Problem statement » Out of the material that follows, write out exactly the lines from the line with "Fake Wood Door" to the line with "ORGIE Lube Tube", both ends included, and no others.

Given information »
=== Section Start ===

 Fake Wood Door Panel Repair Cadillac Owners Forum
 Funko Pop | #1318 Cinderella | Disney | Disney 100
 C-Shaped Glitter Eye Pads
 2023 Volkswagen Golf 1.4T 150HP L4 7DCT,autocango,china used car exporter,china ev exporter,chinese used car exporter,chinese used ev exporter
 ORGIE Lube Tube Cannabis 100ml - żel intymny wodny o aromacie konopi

=== Section End ===
=== Section Start ===

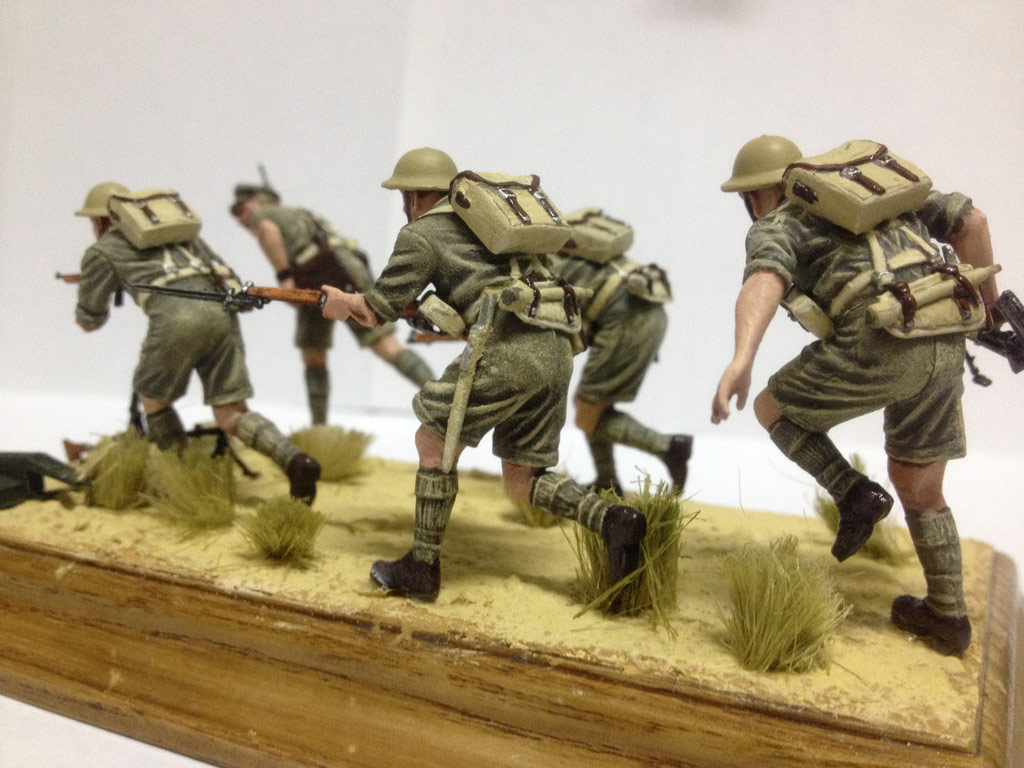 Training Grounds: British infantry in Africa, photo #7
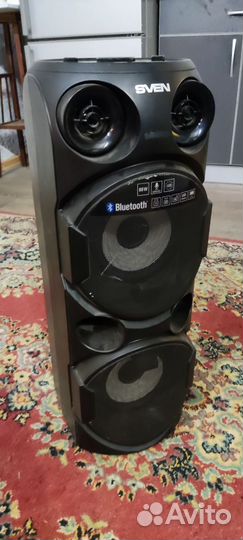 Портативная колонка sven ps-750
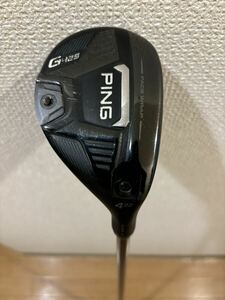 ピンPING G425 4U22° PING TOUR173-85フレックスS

=== Section End ===
=== Section Start ===

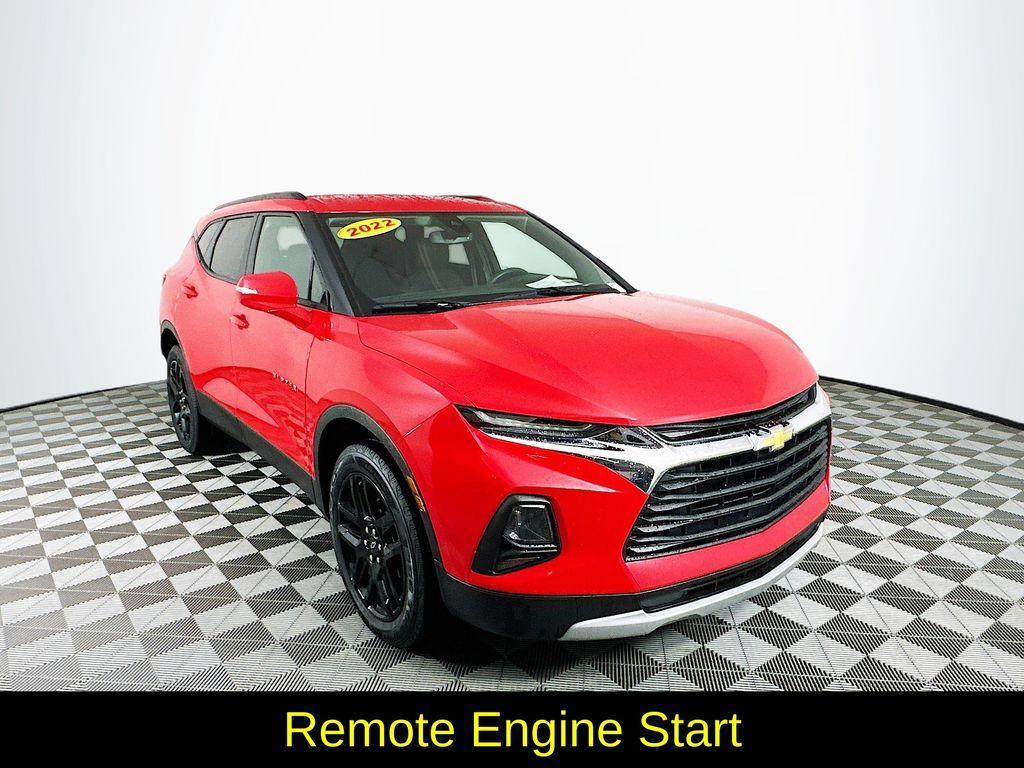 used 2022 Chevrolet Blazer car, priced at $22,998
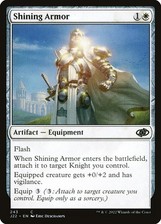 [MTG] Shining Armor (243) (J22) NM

=== Section End ===

The completed task »
 Fake Wood Door Panel Repair Cadillac Owners Forum
 Funko Pop | #1318 Cinderella | Disney | Disney 100
 C-Shaped Glitter Eye Pads
 2023 Volkswagen Golf 1.4T 150HP L4 7DCT,autocango,china used car exporter,china ev exporter,chinese used car exporter,chinese used ev exporter
 ORGIE Lube Tube Cannabis 100ml - żel intymny wodny o aromacie konopi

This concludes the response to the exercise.